Confessions of an unusually old closet hipster (apparently)

Tuesday, 1 March 2011 6:11 am

I'm still in recovery mode after a Saturday morning breakfast conversation with my two still-living-at-home unattached 20-something Gen-Y offspring. It was in this conversation over egg and tomato that I was zealously apprised of a fact I had no doubt been suppressing for many years: I am a hipster.

The revelation did strike me with some mental confusion, however. On the advice of one of my familial interlocutors I scurried off to my macbook (significant in itself, as will be revealed shortly) to trawl Google's collected wisdom on the subject of 'how to be a hipster'. Most of what I could find through the first half-dozen links was about fashion, as practised by a sub-culture none of whom have yet attained the age of 30. There was the first bewilderment. I've just turned 52, and my son and daughter did reluctantly admit that I lacked the dedication to tight jeans and pre-loved flannel shirts worn by all self-respecting hipsters at uni and other places. With this admission came the conferral of an additional adjectival epithet ... I am in fact a closet hipster.

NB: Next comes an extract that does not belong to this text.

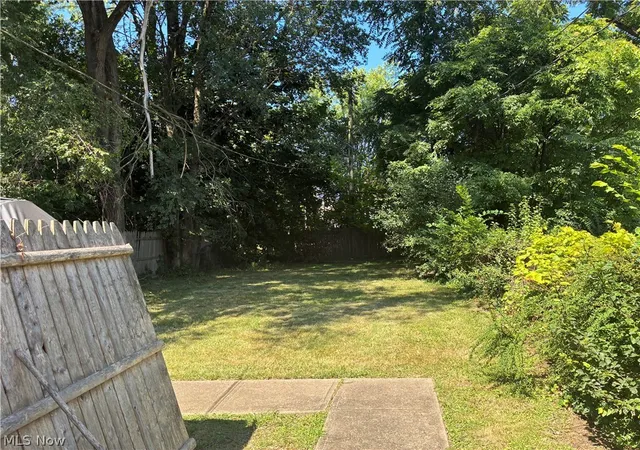 Photo 3 of Single family home for sale at 3290 E 125th Street, Cleveland, OH 44120 | MLS# 5237841 | Listing updated on 2026-08-20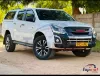 Picture of Off road vehicles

This episode in my cultural enlightenment began with the suggestion that I might just as well be wearing hipster goggles. (Uttered with reference to my newly acquired multifocal specs. Had I then grasped where the conversation was heading, I might have raised the irony that this "hipster" now has glasses to correct presbyopia.) With hindsight, that remark was the softener to capture my attention for the coming moment of awakening. It was pointed out to me that hipsters are invariably a. coffee snobs, and b. lovers of Apple gadgets. What could I do but bow my head solemnly, plead guilty, and await judgement?

Oh yes, I must add that both my judges avowed that they themselves are pure King Canutes, stoically resisting the whelming tide of hipsterdom which has swallowed whole vast hordes of their peers. I did flag a possible appeal on the basis that my son has both an iPhone and an iPad, whereas I have only the former. However it was pointed out that my son's iPad doesn't count as it was given to him by work, and also that I had previously let slip my craving for an iPad and envy of those already so blessed. Guilty yet again, and appeal lost on a technicality. Not to mention the undeniable fact that I recently shouted my daughter to a drink in a particularly hip café in über-hip Yarraville.

So there you have it. I am a (closet) hipster, expertly judged, despite my ever greying hair, ageing ocular lenses, crook back and firsthand knowledge of the 1960s. Maybe I should go back to tucking my shirt in ...

One question remains - Am I to receive my judgement as a complement or an insult?